**Task material**
# # # # # # #

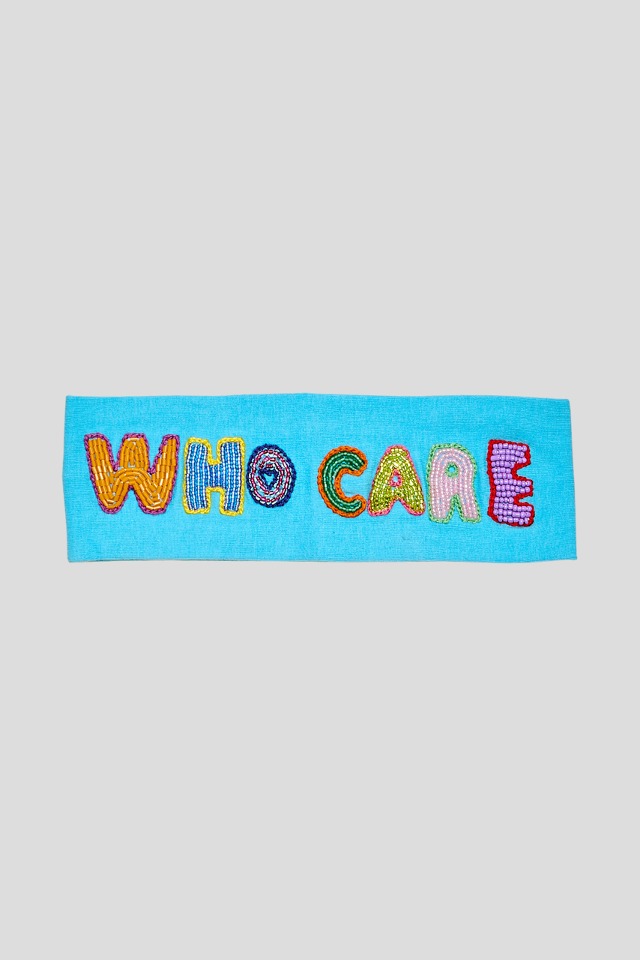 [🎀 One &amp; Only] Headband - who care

# # # # # # #

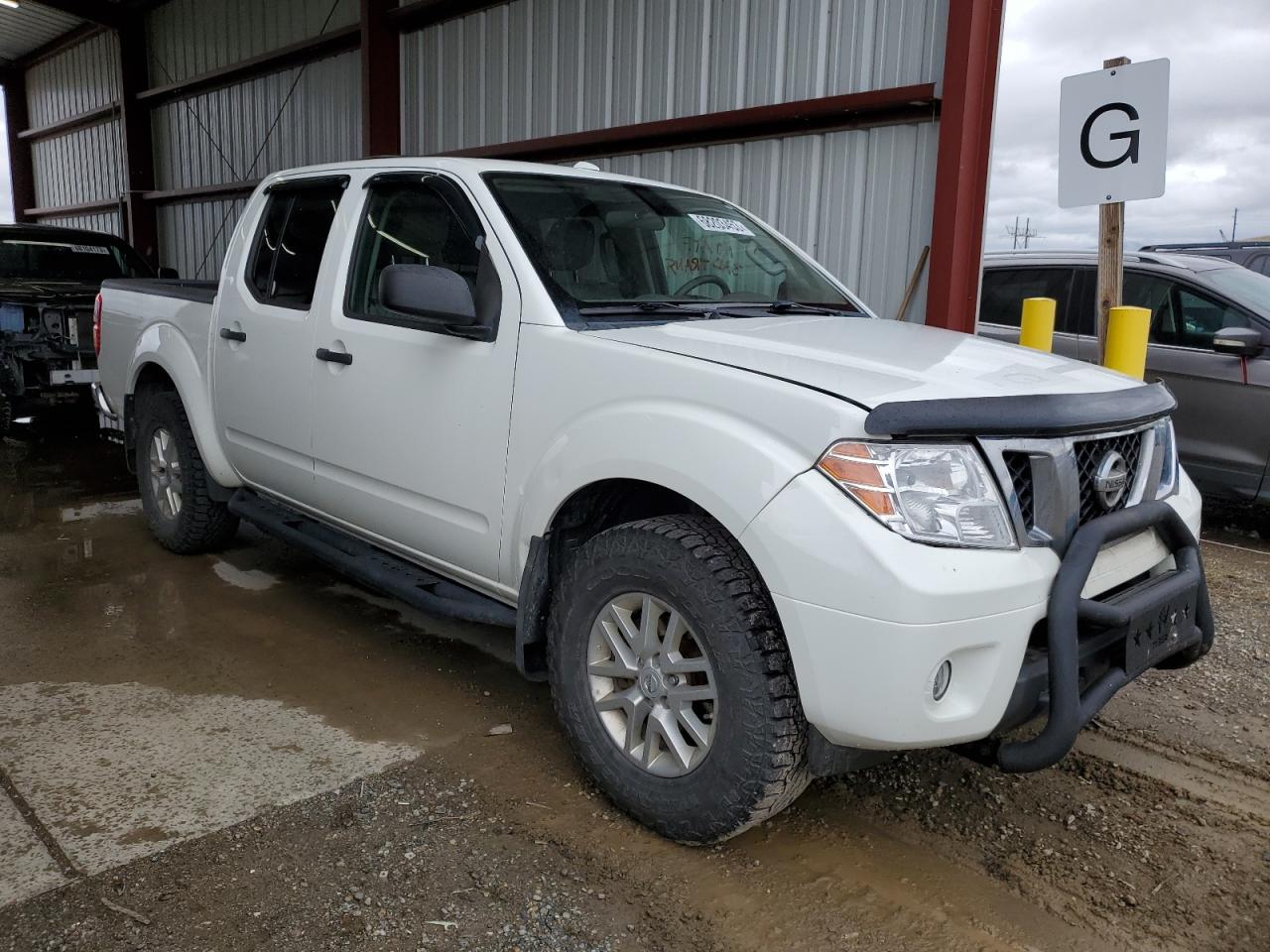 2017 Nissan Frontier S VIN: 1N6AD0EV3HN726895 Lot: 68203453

# # # # # # #

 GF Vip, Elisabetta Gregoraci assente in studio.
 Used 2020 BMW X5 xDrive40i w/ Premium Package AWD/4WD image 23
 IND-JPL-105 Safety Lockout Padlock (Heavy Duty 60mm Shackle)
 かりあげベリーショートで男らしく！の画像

# # # # # # #

Could you set down, word for word, only the lines above from the line with "GF Vip, Elisabetta" to the line with "かりあげベリーショートで男らしく！の画像", including both?

 GF Vip, Elisabetta Gregoraci assente in studio.
 Used 2020 BMW X5 xDrive40i w/ Premium Package AWD/4WD image 23
 IND-JPL-105 Safety Lockout Padlock (Heavy Duty 60mm Shackle)
 かりあげベリーショートで男らしく！の画像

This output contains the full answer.